By not depending on an additional database management system, a FolderCMS deployment is not only lean and fast, it is simple to maintain. There is a one-to-one relationship between a file (or folder) and a corresponding page (or category). FolderCMS provides enormous conceptual clarity in its implementation; there is no mess of mysterious files as with other content management systems (which unwittingly obfusticate the relationship between files and content). The person maintaining the website can manipulate files and folders directly, and every file or folder in the user's content tree has a clear purpose.
There are several other content management systems available that use the computer's filesystem to implement a 'database' for page content, but FolderCMS is faster. Why? Because FolderCMS is designed to avoid opening files at all.
Every time you have to open or close a file to read its contents, there is a small associated time cost (this is true even on solid-state drives, though much reduced).

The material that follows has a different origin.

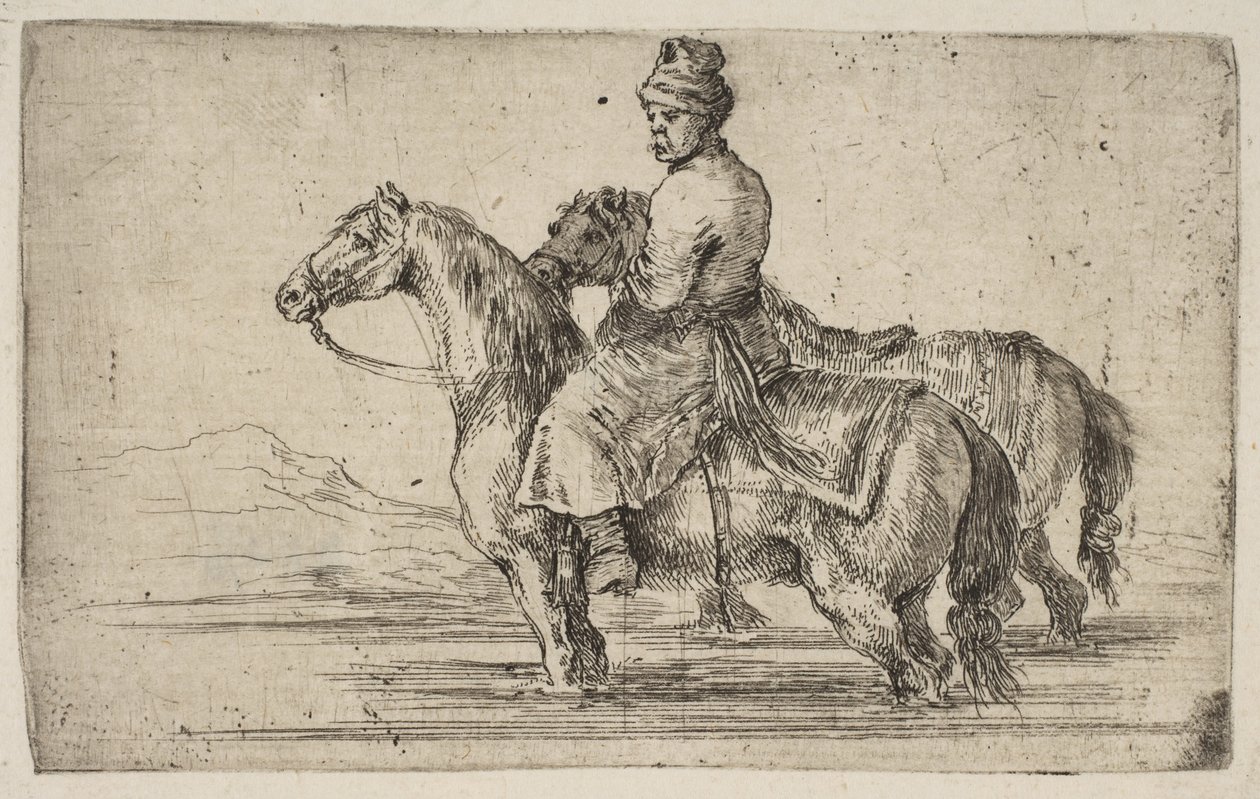 En polsk brudgom badende heste, ca. 1662. af Stefano della Bella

FolderCMS stores page and category metadata within directories rather than files, by putting information such as page order in menus, page titles and required authorisation flags (if required for certain pages) in the filenames themselves. To build each menu on a page, FolderCMS only needs to open and read the directory representing that category folder, not each individual file inside.
This not only makes FolderCMS very fast, it makes it very scalable too. Even for a very large website (well-balanced with content distributed evenly into various deep-nested categories), FolderCMS scales logarithmically, meaning performance does not degrade proportionately to the number of pages on your site, but proportionately to the order of magnitude of pages on your site.
You might think that using the webserver's native filesystem as a way of organising content might pose a security risk. However, FolderCMS takes a failsafe approach to make sure potential attackers cannot arbitrarily browse the filesystem. Rather than merely sanitising the user's page request, FolderCMS first constructs a set of valid relative content paths on the fly, prior to evaluating the user's request. This set consists of only the pages and categories that FolderCMS regards as content available for public browsing. The user's request is evaluated only against this set of valid content, never the actual filesystem. Then the destination path is constructed from the set of valid content; the user's URL request data is not used even in a sanitised state. In terms of preventing unauthorised access to the filesystem, this approach of never allowing URL requests to come into contact with the filesystem eliminates even unforesen kinds of URL injection attacks, and goes beyond the level of protection afforded by input sanitising alone.
FolderCMS is distributed as a PHP script since this is a prevalent scripting platform ubiquitous among LAMP servers. PHP is not the most efficient language in performance terms but it is ubiquitous. To keep things fast, FolderCMS is very small. The foldercms.php script itself is less than 20 kilobytes in size. No other files are reqiured except for the ones you'll add yourself as you build your website (namely your page template and content).